— WORK ORDER —
What follows is a listing to transcribe exactly, leaving the pictures out.

— DATASET EXTRACT —
■ ■ ■ ■

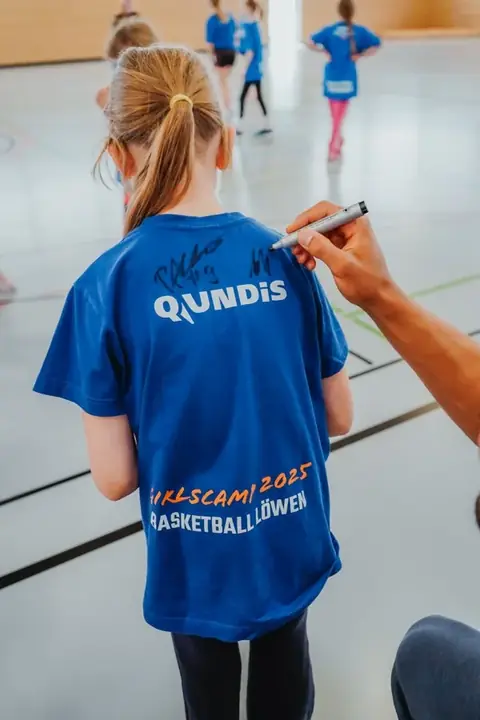 Trikot-Unterschrift beim QUNDIS Girlscamp 2026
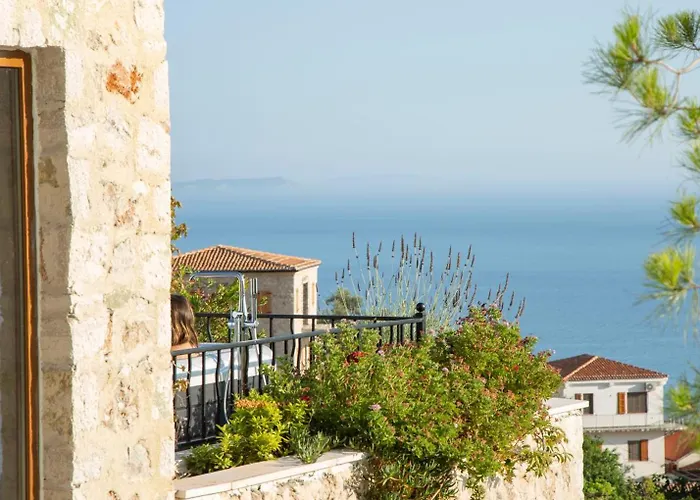 Zoe Hora 酒店 Dhërmi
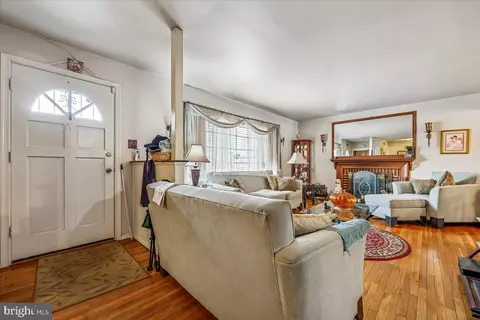 Entry Way - 9405 Sierra St, Silver Spring, MD 20903 photo 2 of 2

■ ■ ■ ■

— YOUR RESPONSE —
 Trikot-Unterschrift beim QUNDIS Girlscamp 2026
 Zoe Hora 酒店 Dhërmi
 Entry Way - 9405 Sierra St, Silver Spring, MD 20903 photo 2 of 2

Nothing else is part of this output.